Kejahatan Teknologi Informasi – Dua tiga orang menyampai pesan, foto saya telah digunakan oleh orang tak dikenal. Mengaku sebagai saya, tetapi nomornya beda dengan menawarkan beberapa barang dagangan beralasan lelang. Ada yang melayani dengan seksama ada pula yang tidak, yang melayani karena tak seberapa kenal sedangkan yang tidak melayani karena tahu itu modus penipuan. Modus yang basi bagi orang yang sering mendapatkan pengalaman serupa.
“Awalnya saya sangat percaya, setelah diingatkan suami baru saya berhenti melayaninya,” ujar Dosen IAIN Batusangkar, Dr. Yanti Mulya Roza, MA.
“Tanda-tanda sudah jadi tokoh publik,” ujar Kepala Pusat Studi Halal UNUSIA, Ahmad Khairul Anam.
“Pertanda sudah masuk deretan orang top,” kata tokoh Tembilahan, Kartika Roni.
“Efek orang terkenal tu bro,” tambah Anggota KPU Pasbar, Juli Yusran.
“Efek terlalu gagah,” tambah aktivis Jambi, Habibi Es Sajidin.
“Semakin tinggi pohon maka semakin kencang angin menggoyang. Kuatkan akar biarkan daun bergoyang bang. Insya allah selamat,” celetuk Yesi Marlina.
“Kalau ke saya, dia pasti langsung ketahuan. Soalnya, kita punya panggilan khusus,” ujar jurnalis Tribun Pekanbaru, Sutan Harismanto Djambak.
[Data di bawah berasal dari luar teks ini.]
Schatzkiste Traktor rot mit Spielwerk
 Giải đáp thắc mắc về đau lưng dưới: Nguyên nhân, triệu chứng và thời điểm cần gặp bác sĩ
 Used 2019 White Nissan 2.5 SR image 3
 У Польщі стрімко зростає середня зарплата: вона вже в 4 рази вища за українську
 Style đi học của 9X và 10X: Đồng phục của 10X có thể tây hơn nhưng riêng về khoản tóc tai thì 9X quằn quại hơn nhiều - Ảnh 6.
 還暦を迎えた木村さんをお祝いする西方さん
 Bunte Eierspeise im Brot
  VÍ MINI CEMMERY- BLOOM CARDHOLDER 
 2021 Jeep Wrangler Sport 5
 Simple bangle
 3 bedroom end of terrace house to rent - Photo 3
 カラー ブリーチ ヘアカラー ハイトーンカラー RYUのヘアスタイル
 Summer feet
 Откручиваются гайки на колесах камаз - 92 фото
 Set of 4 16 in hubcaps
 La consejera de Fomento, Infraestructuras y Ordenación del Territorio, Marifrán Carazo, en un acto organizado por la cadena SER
“Saya sejak awal sudah tak yakin,” tambah penulis perempuan, Yusnetti. Ini perempuan yang saya kenal sebagai sesama pencinta buku sastra. Betapa ia sangat yakin itu bukan saya, begitu ada yang janggal dalam percakapan langsung dicurigai bukan diabaikan.
Apapun komentar teman-teman, saya mohon maaf atas kerja orang tak dikenal yang menggunakan foto dan nama saya tersebut. Jelas, itu bukan saya. Pekerjaan saya bukan penipu, bukan pula tukang lelang barang. Saya juga sudah sering mendapat hal serupa. Baru kali ini, foto dan nama dicatut untuk aplikasi percakapan WhatsApps untuk hal demikian. Terasa sangat merugikan, saya bersyukur tidak ada yang langsung percaya sehingga mengirim sejumlah data dan uang kepada penipu tersebut.
Selalu Ada
Bila dirunut jauh ke belakang, penipu ini selalu ada dalam berbagai modus yang mengikuti perkembangan teknologi informasi. Awalnya dengan paket surat dikirim ke rumah, mengabarkan penerima akan menerima hadiah mobil.
Dulu sempat datang ke redaksi, seseorang yang bertanya soal kiriman paket yang diterimanya berupa surat-surat keterangan yang amat meyakinkan. Ia mendapatkan mobil tetapi mesti bayar pajak dulu. Sayang, ia tak punya banyak uang. Itu jelas penipuan.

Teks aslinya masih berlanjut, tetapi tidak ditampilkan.